6 ounces goat cheese, soft
2-4 tablespoons beet greens pesto
Put the goat cheese in a bowl and add 2 tablespoons of pesto. Mix, and add more as desired.
adapted from Good to the Grain by Kim Boyce
I only used one round of dough; the other can be frozen and kept for up to a month. It freezes very well; just remove from the freezer the night before using and keep in the fridge to thaw.
1 cup spelt flour
1 2/3 cup all-purpose flour
1 tablespoon sugar
1 teaspoon salt
12 tablespoons unsalted butter
1/2 cup ice water, as needed
Place the flours, sugar, and salt in a large bowl, and whisk together. Cut the butter into one-inch pieces and add to the bowl. Using your hands or a pastry cutter, work the butter into the flour until it is the size of small peas. Add 1/4 cup of the ice water to the flour mixture, and mix together with a spatula just to moisten the flour.

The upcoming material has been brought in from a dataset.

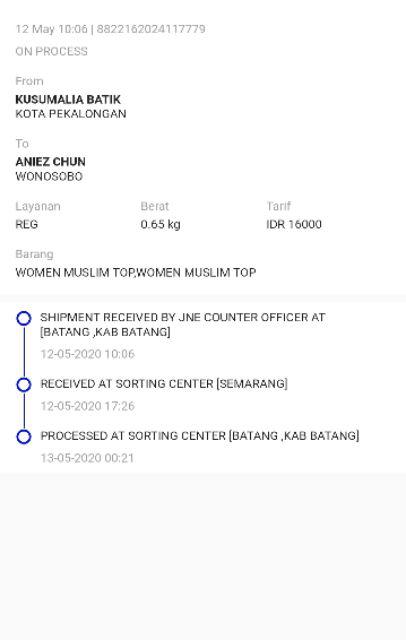 Pr Batik Tunik Respati All Size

The dough needs to come together in one lump, with a few small, shaggy pieces. If the dough is too dry to come together, add ice water 1 tablespoon at a time until it is ready.
Flour your work space, and transfer the dough to it. Fraisage the dough.
to fraisage the dough
[also, a You Tube video here]
Turn out the dough onto a lightly floured work surface and gather into a rectangular shaped pile. Use the heel of your hand to smear the dough against the work surface. Continue to smear until all the dough has been worked. Gather into a pile again, and repeat. Separate the dough into two equal pieces, wrap each piece in plastic and chill for one hour [or up to 3 days]
to assemble and bake
Preheat your oven to 350 and line two baking sheets with parchment. Roll out the chilled dough into a 1/4 inch-thick round. Using a biscuit cutter (I used a 2 inch cutter), cut out rounds and place them on the baking sheets. Bake the rounds for 6-7 minutes, just until the dough starts to brown (it should be very light) and starts to puff up. Remove from the oven and let cool slightly. Top each round with a teaspoon of the goat cheese spread, and then top each one with a sliced beet, pressing the beet down gently into the spread. Bake 8-10 minutes more, until the pastry edges are light golden brown. Place sheet pans on a wire rack to cool, and then drizzle each round lightly with honey.